Having established that s 178 of the Companies Act 2006 provides that the civil consequences of a breach by company directors of statutory duties codified in that Act are the same as if the corresponding equitable principle applied, Lewison LJ found that the alleged mismatch was

no bar to the recovery by Keystone of a secret profit made by Mr Parr.  The fundamental principle, as expressed in in Regal (Hastings) Ltd v Gulliver [1967] 2 AC 134 was that:

liability to account for [profit obtained by breach of fiduciary duty], in no way depends on fraud, or absence of bona fides; or upon such questions or considerations as whether the profits would or should otherwise have gone to the plaintiff, or whether the profiteer was under a duty to obtain the source of the profit for the plaintiff, or whether he took a risk and acted as he did for the benefit of the plaintiff, or whether the plaintiff has in fact been damaged or benefited by his action. The liability arises from the mere fact of a profit having, in the stated circumstances, been made.

The authorities, furthermore, held that:

  • The remedy is neither compensatory nor restitutionary; rather it is designed to strip the fiduciary of the unauthorised profits made whilst in a position of conflicting interests;
  • It is irrelevant that the party to whom the duty was owed would not have suffered loss, or the fiduciary would have made the profit in any event;
  • Although a claimant must prove causation when claiming equitable compensation for loss suffered through breach of fiduciary duty, claims for disgorgement of unauthorised profits do not require anything more than that the profit was obtained by virtue of the fiduciary’s position;
  • Notwithstanding principle (3), there must still be a sufficient degree of connection between the breach of fiduciary duty and the receipt of the secret profit;
  • The courts decline to investigate hypothetical situations as to what would have happened if the fiduciary had performed his duty or had disclosed his breach.

Applied to the present facts, it did not matter (i) that Mr Parr made no ‘profit’ other than a sale at full value, rather than at a discounted price; (ii) that there was no evidence to suggest that the value of Mr Parr’s shares was enhanced by his breach of duty; nor (iii) that Mr Parr’s breach was not a cause of his profit.  What mattered was that Mr Parr’s concealment of his breach of duty (itself a breach of duty) led to his receipt of twice as much as he was entitled to. This was considered a sufficient connection between the breach and the profit to bring the equitable principle into play.

Lewison LJ also found it important to note that the judge below granted no relief to Holdings; there was, therefore, no merit in the submission that the judge below gave equitable relief to a company to which no fiduciary duties were owed.
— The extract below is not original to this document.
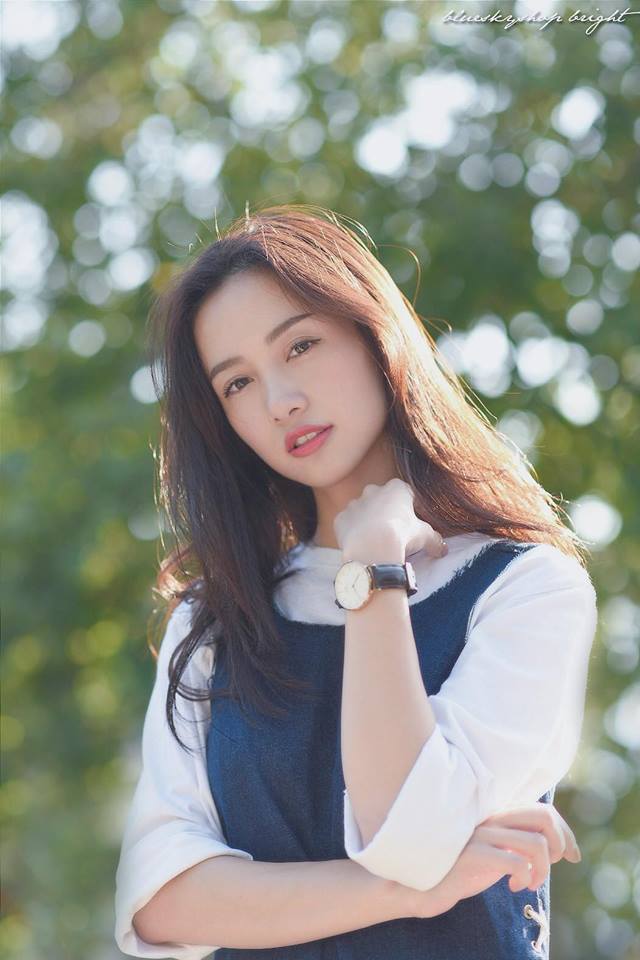 超碰韩国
This case is a useful reminder that, although the distinctions between law and equity are increasingly blurred, there still remain differences in principle which govern the award of common law damages and equitable relief for breach of fiduciary duty.  In equity, where the remedy is neither compensatory nor restitutionary, the comparison with damages has been described as “unhelpful;” commercial practitioners would do well to bear this in mind when drafting pleadings and formulating statements of case.

It is also worth noting a postscript on the citation of authorities.  Lewison LJ considered it “a matter of considerable regret” that PD 52C paragraph 29(2) had been “almost wholly ignored”: provision of printouts and transcripts of authorities officially reported; unreported cases cited for propositions found in reported cases; provision of entire judgments where only a few pages were of “any conceivable relevance” to the present appeal; provision of authorities without marking the relevant passages.

Lewison LJ concluded that adherence to the practice direction means that what limited time judges of the Court of Appeal have for pre-reading can be most productively spent; parties can, therefore, expect that costs for preparing non-compliant bundles of authorities are at risk of being disallowed.